Double occupancy as a universal probe for antiferromagnetic correlations and entropy in cold fermions on optical lattices

TL;DR

This paper demonstrates that double occupancy measurements serve as a universal indicator of antiferromagnetic correlations and entropy levels in cold fermionic systems across different dimensions, providing guidance for experimental detection.

Contribution

It provides a comprehensive analysis of double occupancy as a probe for AF correlations across 1D, 2D, and 3D systems, highlighting its near universality and experimental relevance.

Findings

Double occupancy correlates with AF correlations across dimensions.

D(s) approaches log(2) at strong coupling, indicating entropy thresholds.
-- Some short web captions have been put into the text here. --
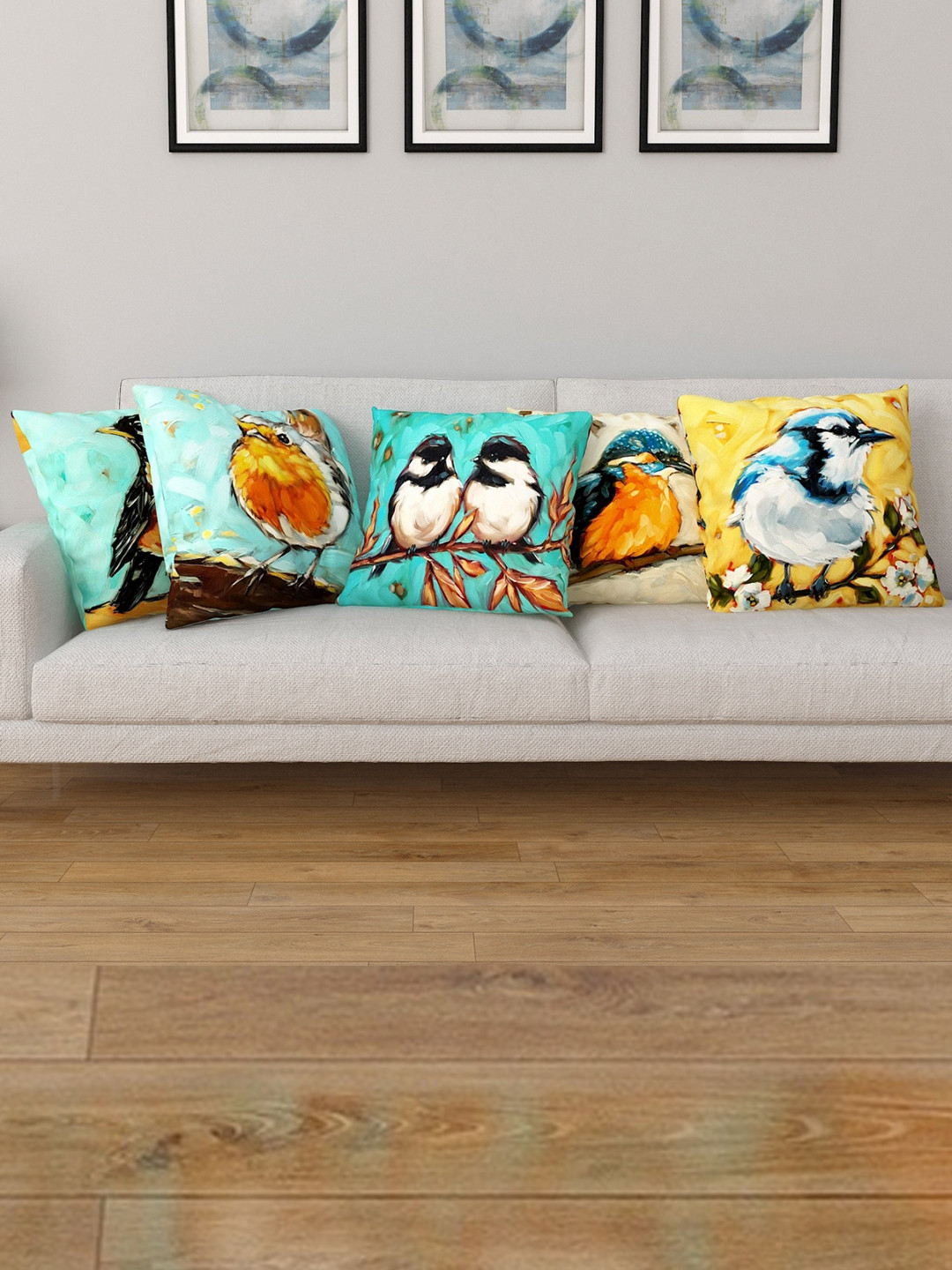 Home Centre Sea Green & Yellow Set of 5 Quirky Square Cushion Covers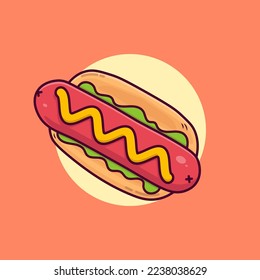 Hot dog cartoon vector illustration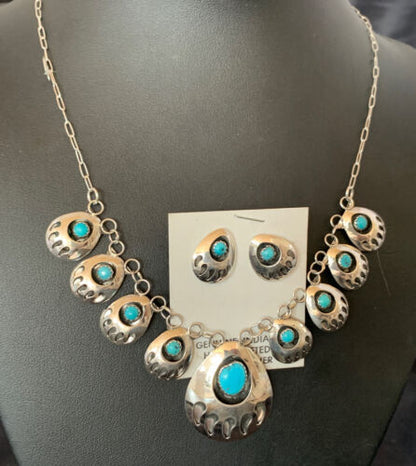 Navajo Blue Turquoise Bear Paw Shadow Box Necklace & Earring Set | Sterling Silver | Authentic Native American Handmade | 17466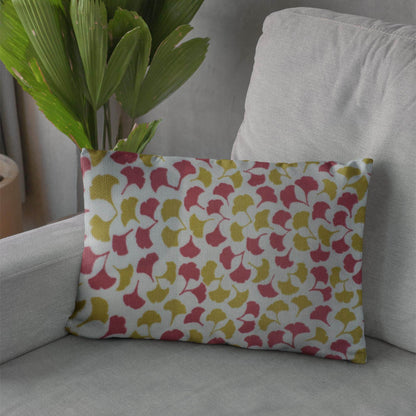 Plutus Red Mustard Beige Autumn Blossom Floral Luxury Throw Pillow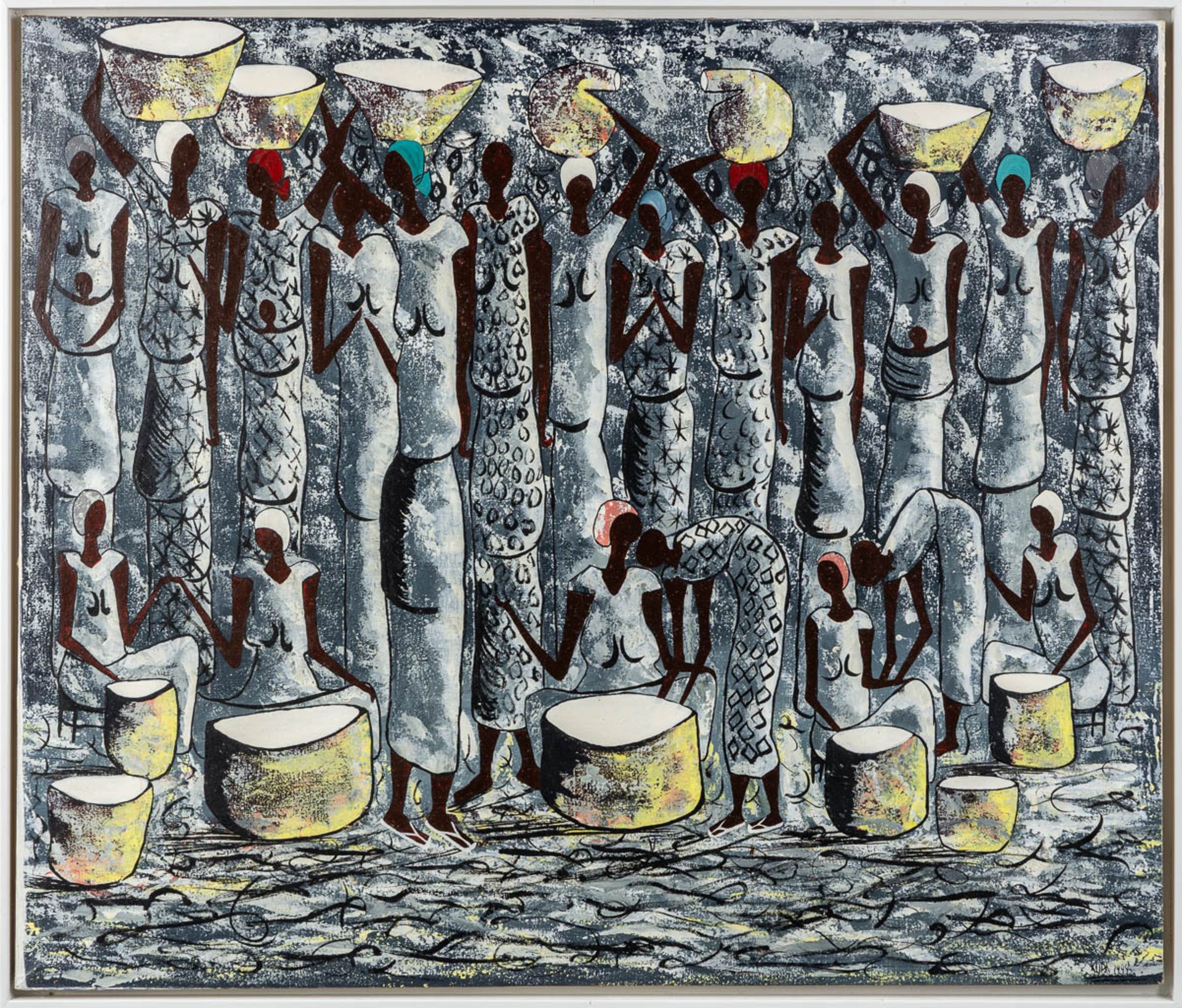 Asanda KUPA (1981)(attr.) 'Water Carriers'. (W:92 x H:78 cm) - Image 3 of 7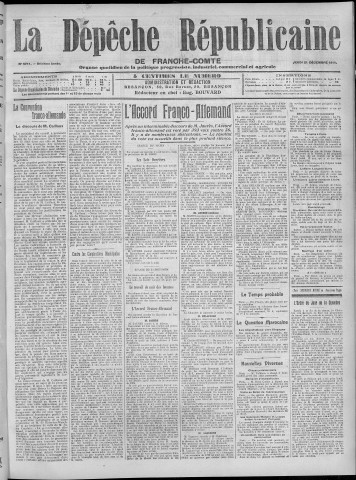 21/12/1911 - La Dépêche républicaine de Franche-Comté [Texte imprimé]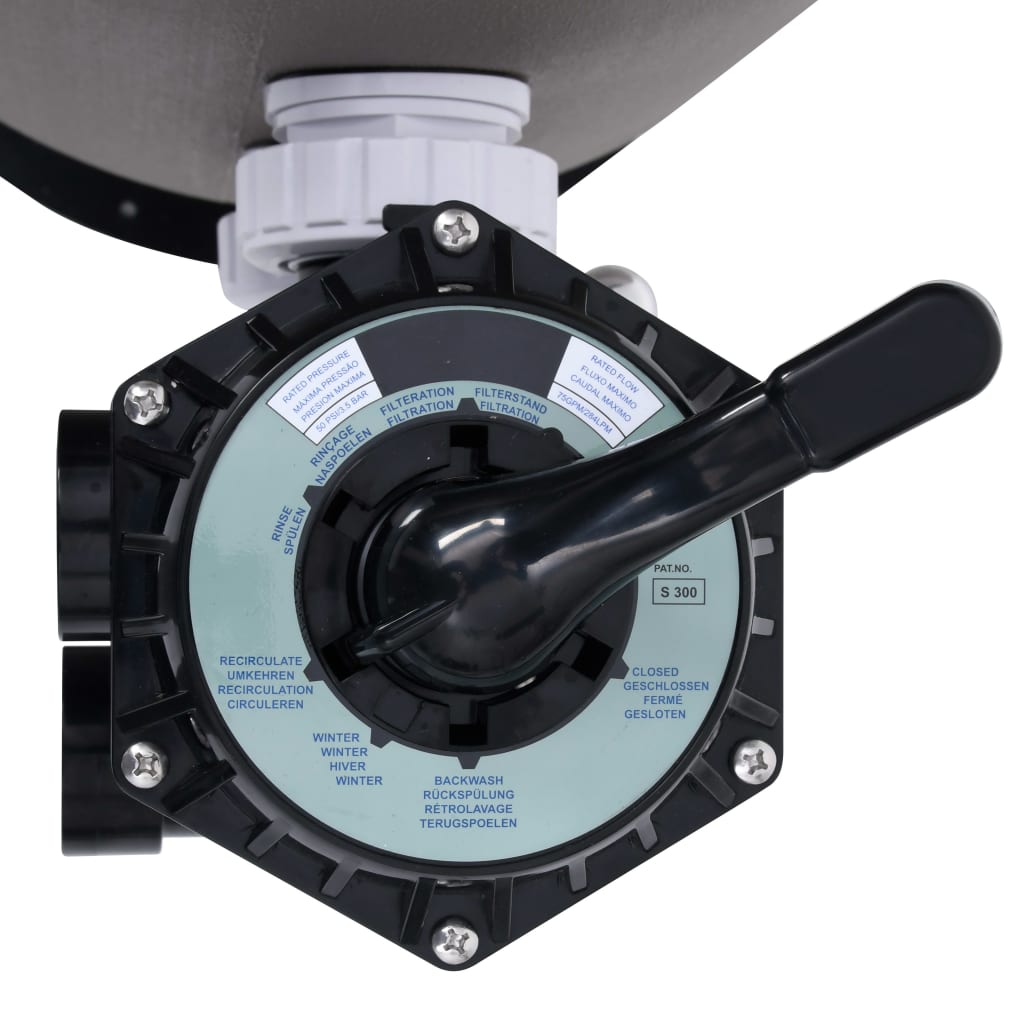 Pool-Sandfilter mit seitlich montiertem 6-Wege-Ventil Grau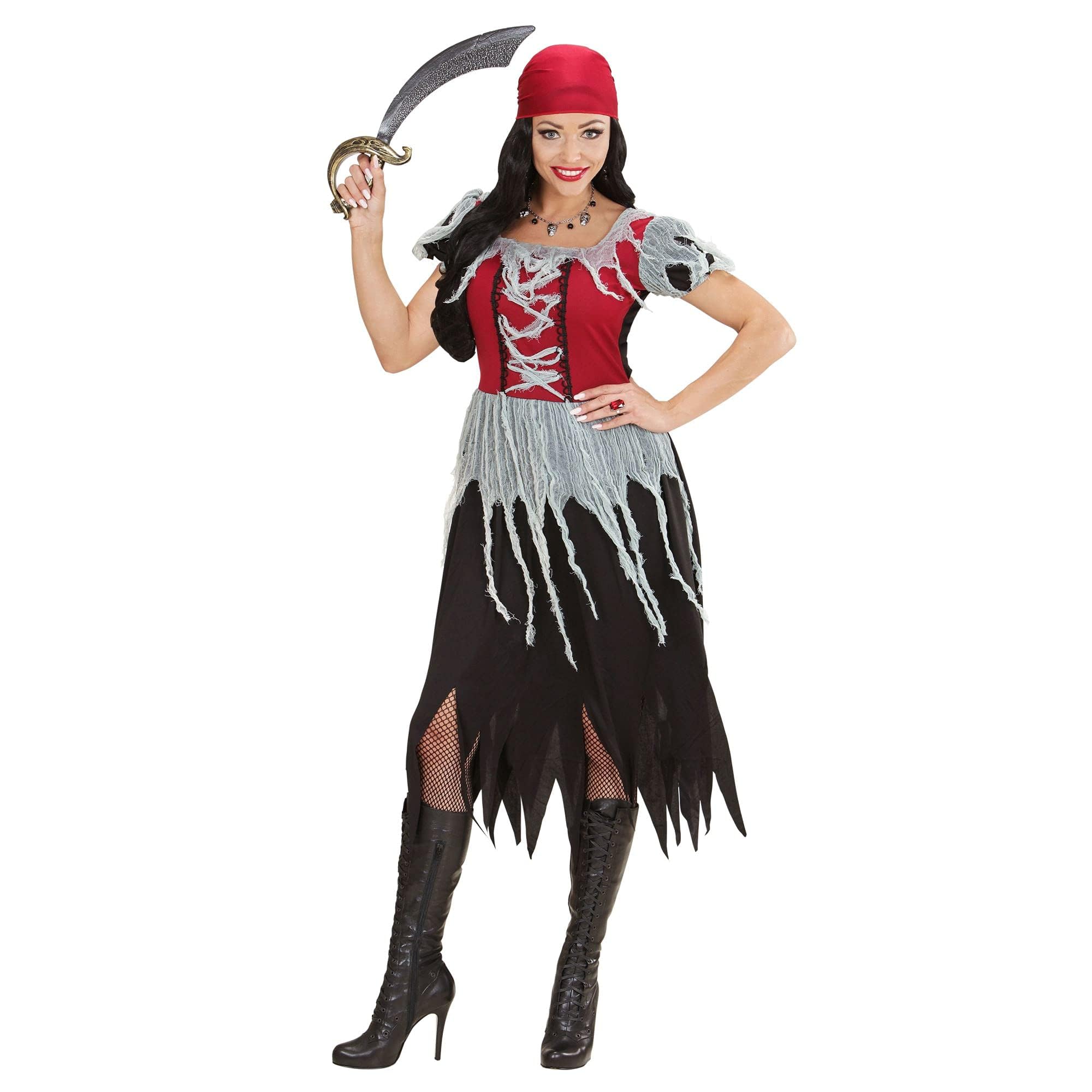 Widmann - Kostüm Piratin, Kleid, Bandana, Karneval, Mottoparty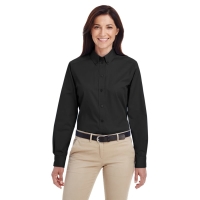 Harriton Ladies' Foundation 100% Cotton Long-Sleeve Twill Shirt With&nbsp;Teflon&trade;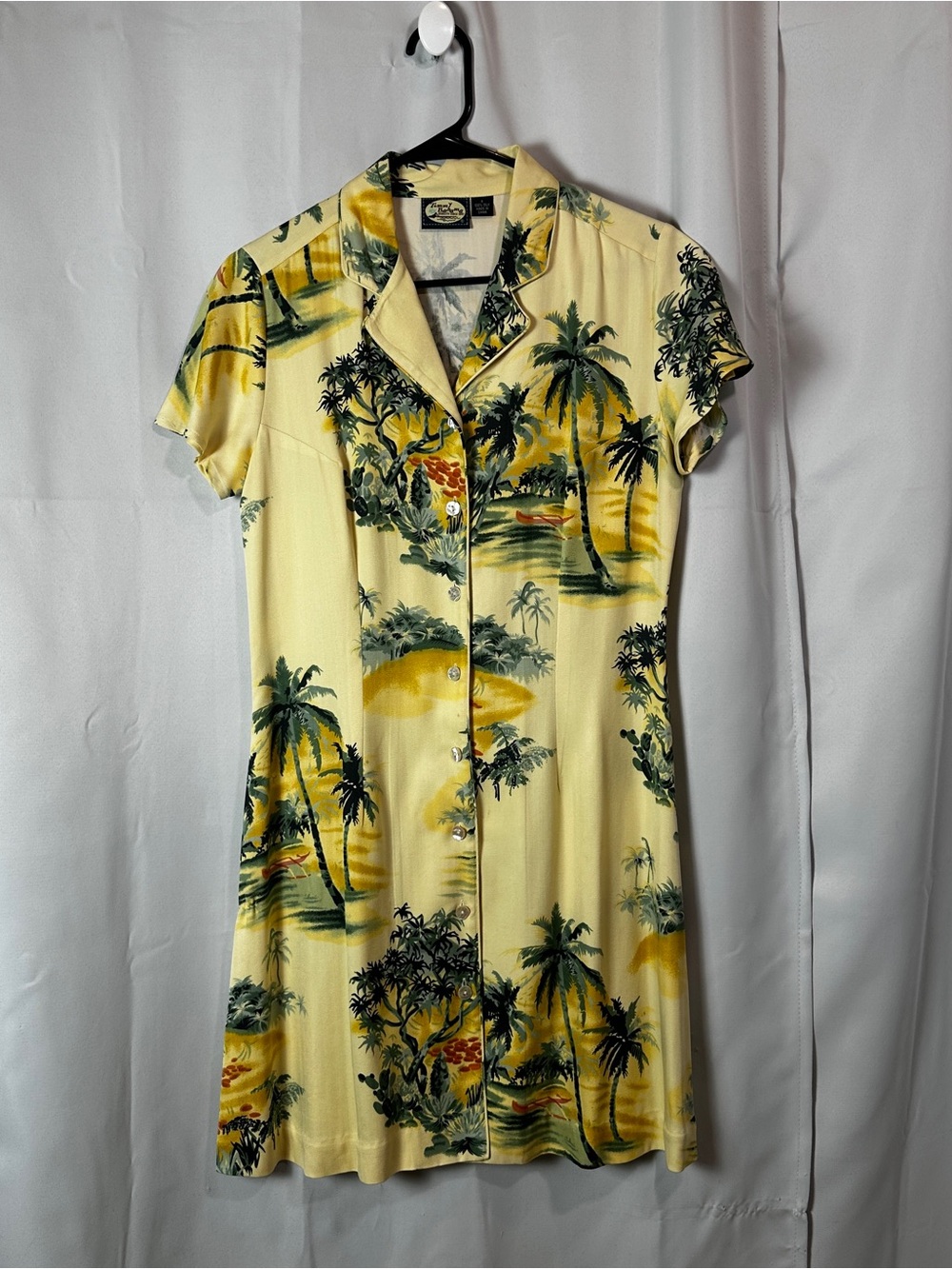 Tommy Bahama Vintage Yellow Tropical Button-Front Silk Dress - Size Small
Long-range order is less relevant for current AF detection in cold fermions.

Abstract

We verify signatures of antiferromagnetic (AF) correlations in the double occupancy D [Gorelik et al., PRL 105, 065301 (2010)] and study their dimensional dependence using direct quantum Monte Carlo in dimensions d=2,3 and Bethe Ansatz in d=1. We find quantitative agreement with dynamical mean-field theory (DMFT) in the cubic case and qualitative agreement down to d=1. As a function of entropy s=S/(N k_B), D is nearly universal with respect to d; the minimum in D(s) approaches s=log(2) at strong coupling, as predicted by DMFT. Long-range order appears hardly relevant for the current search of AF signatures in cold fermions. Thus, experimentalists need not achieve s<log(2)/2 and should consider lower dimensions, for which the AF effects are larger.